What do you get when you cross Honda, a car company that has been slow to adopt the Electric Vehicle market, with Sony, an electronics company that has been losing ground to Apple? A marriage of convenience?
On Friday, Honda and Sony announced an alliance that ‘would finally offer Honda the chance to launch a competitive electric car in 2025 using the complementary expertise of Sony in consumer entertainment.’
Writers such as Hetzner indicate that to date that Honda has failed yet to make a competitive electric car when he writes, ‘The critically well-received Honda E, for example, is a high-tech but overpriced subcompact exported to Europe in negligible numbers.’

Honda and Sony hope to synergize their different areas of expertise to launch a competitive electric car. “Although Sony and Honda are companies that share many historical and cultural similarities, our areas of technological expertise are very different,” Honda Motor CEO Toshihiro Mibe said in a statement.
This is a good relationship for Sony too. Sony has lost its edge to rival Apple, ever since the popularity of Apple’s iPod, digital music player surpassed Sony’s Discman CD player.
Apple is also working on an EV
Apple is rumored to be developing its own electric car. Partnering with Honda will give Sony an automotive partner to help it launch an EV of its own ahead of its rival.
Honda which has been making cars since 1963 is number 9 on the list of “Largest automakers by market capitalization”
Like many mainstream automobile companies, Honda has been late to making progress in the EV (Electric Vehicle) market. Mainstream companies, including Volkswagen, Ford, and GM, are now putting more and more of their resources into EVs.
Electric vehicle boom
Hetzner, writing for fortune.com, considers that it was only after Biden became president in 2021 and promoted green policies that ‘legacy carmakers heavily exposed to the U.S. market really began to embrace EVs‘

The facts are that a year before Biden took office Honda had already put in place efforts to join the electric vehicle market place. In 2020 Honda joined with General Motors in the U.S. to jointly develop two new electric vehicles, with the interior and the exteriors exclusively designed by Honda.
Joining up with Sony is Honda’s latest move to keep the momentum of bringing a competitive electric vehicle to market.
Even before Biden took office in 2021, The Paris Agreement, a legally binding international treaty on climate change, came into force on 4 November 2016.
The established car brands have had plenty of time to prepare and penetrate the Electric Vehicle market. Still, they have instead allowed themselves to be overtaken by newcomers such as Li Auto, Arrival, and Canoe. Many car companies have made the error and considered Electric Vehicles an unprofitable segment.
In Japan, Honda had found itself lagging behind progress in the Electric Vehicle local market when competitor Toyota partnered with rivals like Subaru, Mazda, and Suzuki to jointly develop a dedicated EV chassis. This arrangement lets them split the cost.’

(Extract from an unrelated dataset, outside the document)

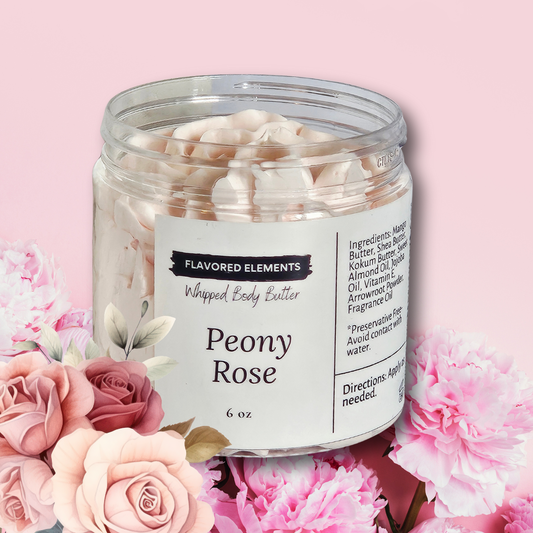Peony Rose Body Butter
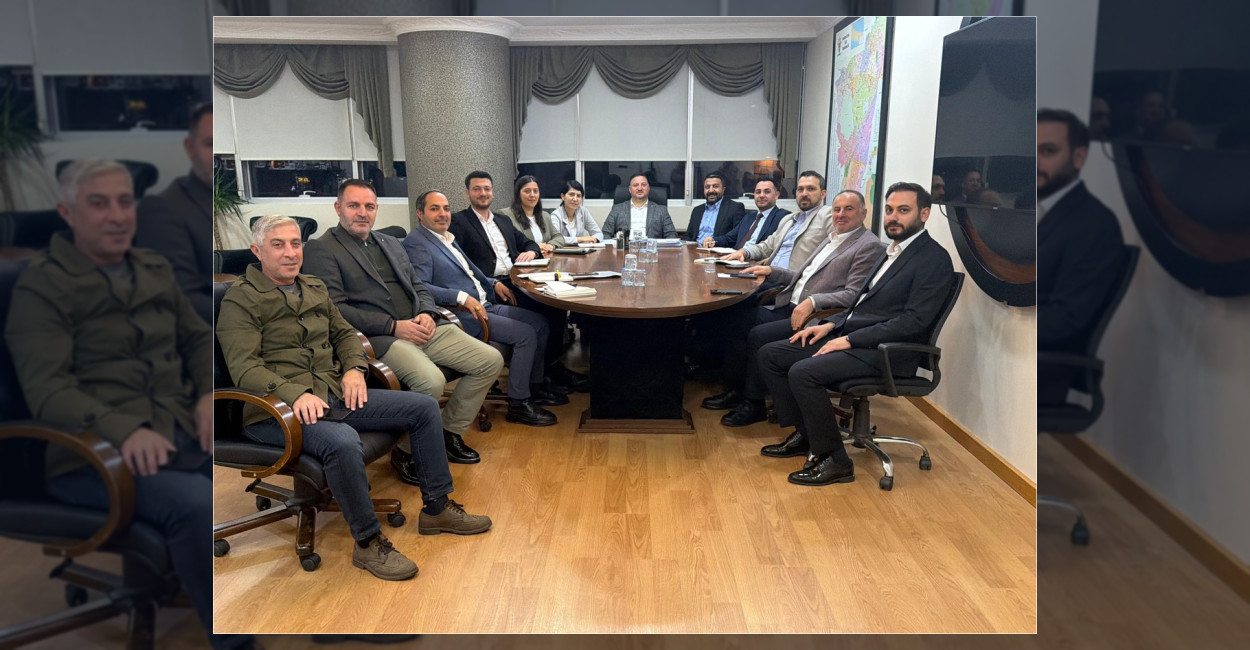 AK Parti Sancaktepe İlçe Yürütme Kurulu Toplandı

Carmakers in Japan have found themselves behind other countries trying to enter the EV market because they were too focused on hydrogen fuel cells. Hetzner writes, ‘For more than 20 years, automotive engineers worldwide, and in Japan, in particular, have tried to bring such cars to scale, only to fail time and again. Not only has the (hydrogen) fueling infrastructure proved even spottier than EV chargers, the maturity of fuel-cell technology has badly lagged advances made in EV batteries.’
First Sony-Honda car is still years away
As Sony and Honda’s first EVs won’t be available until 2025 unless they bring something highly innovative to the market, experts such as Ferdinand Dudenhöffer (director of the Center for Automotive Research in Duisburg, Germany) don’t think their offering will get much traction.
Honda now must move with the times to avoid becoming obsolete in local and international markets, in a world that is increasingly legislating switch to electric power.